I don't think having active duty guys play in a fictional movie is way ahead. I could see if it was a movie about a specific event that happened, and it was a way of making sure stuff was done right in the movie IOT make sure the story was told right. And with the optempo these days...how can you justify the time to do something like this??


----------



## TLDR20 (Aug 30, 2011)

Malek said:


> Monastic silence has it's merits and can help reduce the amount of no-hopers from attempting selection.



No-Hopers, I like that. A LOT!


----------



## 03cpl (Aug 30, 2011)

Sounds like this might actually turn out to be a good movie.

Honestly I wish that the military and Hollywood would team up more often. Hollywood is great at making things look real, and warfighters need realistic training. I guess what I'm imagining is something along the lines of Mojave Viper with more role players (that are professional actors), better "special effects", and an AAR that shows everything that happens from the individual trigger puller up to the unit commanders. If you had all the planning, and then the execution of the mission on video you could literally see where you mistakes where. I would be nice to be able to say- "Hey sir, you see right here where you decided to go to chow instead of making a decision. That screwed us." I'm sure we've all had situations like that...

 I would really like to see some training videos about all the weird things that happen when your getting shot at. A good video showing tunnel vision, and auditory exclusion, and slow motion time and all the other things that happen. I'd like to be able to show something like that to my Marines, and personally I would feel better prepared if I could watch a video like that every so often.


----------



## 03cpl (Aug 30, 2011)

it's past my allowed time to edit.
 I like the comment about media encouraging No-Hopers to attend selection. No doubt this is true, but from a different perspective... you get a bunch of No-Hopers to attend selection, fail then go into whatever job you need them in in your regular force. It's a pretty clever tool to fill those jobs that no one wants.


----------



## TLDR20 (Aug 30, 2011)

03cpl said:


> it's past my allowed time to edit.
> I like the comment about media encouraging No-Hopers to attend selection. No doubt this is true, but from a different perspective... you get a bunch of No-Hopers to attend selection, fail then go into whatever job you need them in in your regular force. It's a pretty clever tool to fill those jobs that no one wants.

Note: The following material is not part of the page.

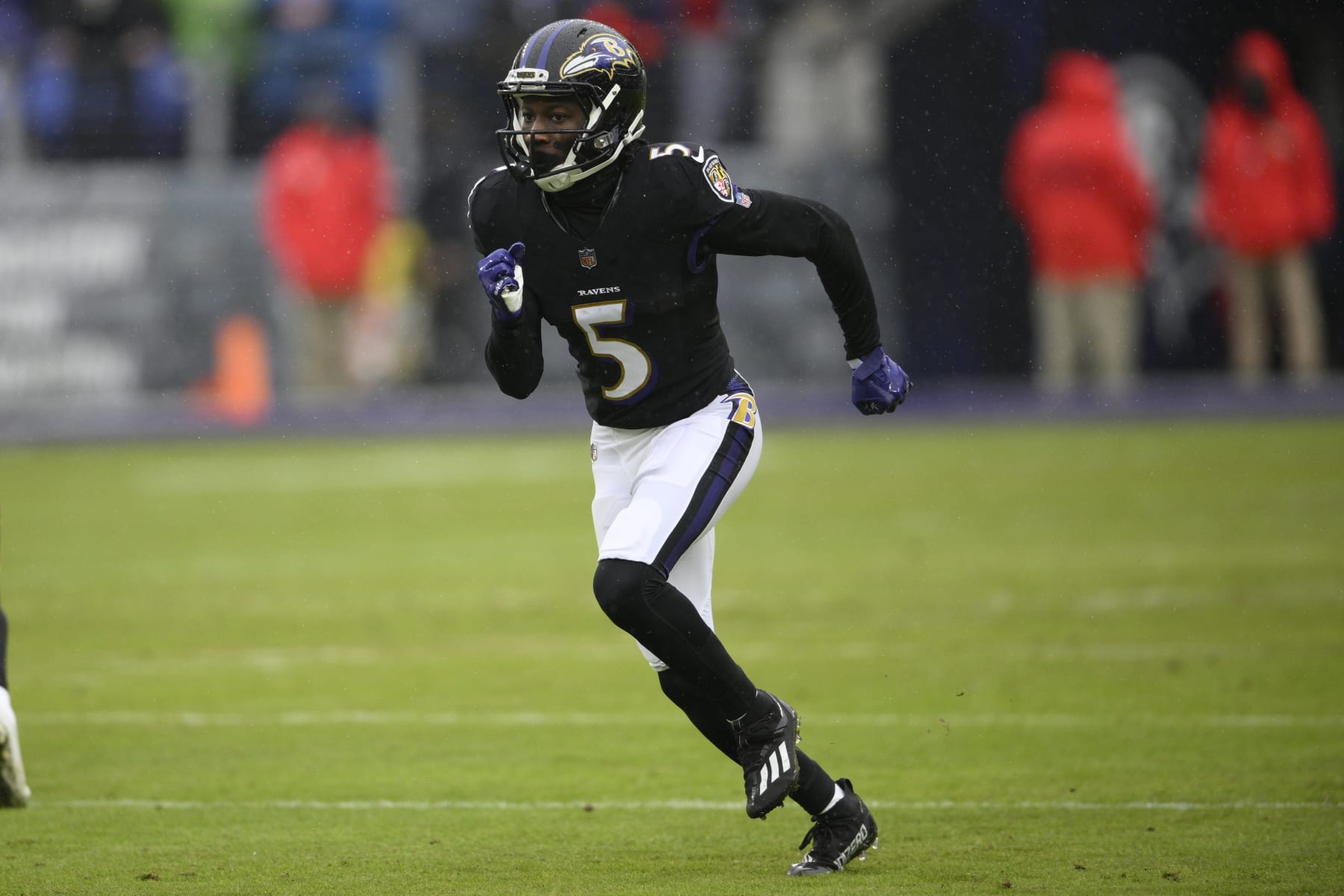Baltimore Ravens wide receiver Marquise Brown (5) in action during the first half of an NFL football game against the Pittsburgh Steelers, Sunday, Jan. 9, 2022, in Baltimore. (AP Photo/Nick Wass)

What do you think the 18X program was seriously about? Getting guys to go to infantry that would not otherwise even join the military.


----------



## 03cpl (Aug 30, 2011)

cback0220 said:


> What do you think the 18X program was seriously about? Getting guys to go to infantry that would not otherwise even join the military.


Exactly. I'm sure it's the same with the SEAL challenge and Recon contracts. Except if you don't make it through BUD/S you can't even choose a semi bad ass job like infantry lol


----------



## LibraryLady (Aug 31, 2011)

03cpl said:


> Sounds like this might actually turn out to be a good movie.
> 
> Honestly I wish that the military and Hollywood would team up more often. Hollywood is great at making things look real, and warfighters need realistic training. I guess what I'm imagining is something along the lines of Mojave Viper with more role players (that are professional actors), better "special effects", and an AAR that shows everything that happens from the individual trigger puller up to the unit commanders. If you had all the planning, and then the execution of the mission on video you could literally see where you mistakes where. I would be nice to be able to say- "Hey sir, you see right here where you decided to go to chow instead of making a decision. That screwed us." I'm sure we've all had situations like that...
> 
> I would really like to see some training videos about all the weird things that happen when your getting shot at. A good video showing tunnel vision, and auditory exclusion, and slow motion time and all the other things that happen. I'd like to be able to show something like that to my Marines, and personally I would feel better prepared if I could watch a video like that every so often.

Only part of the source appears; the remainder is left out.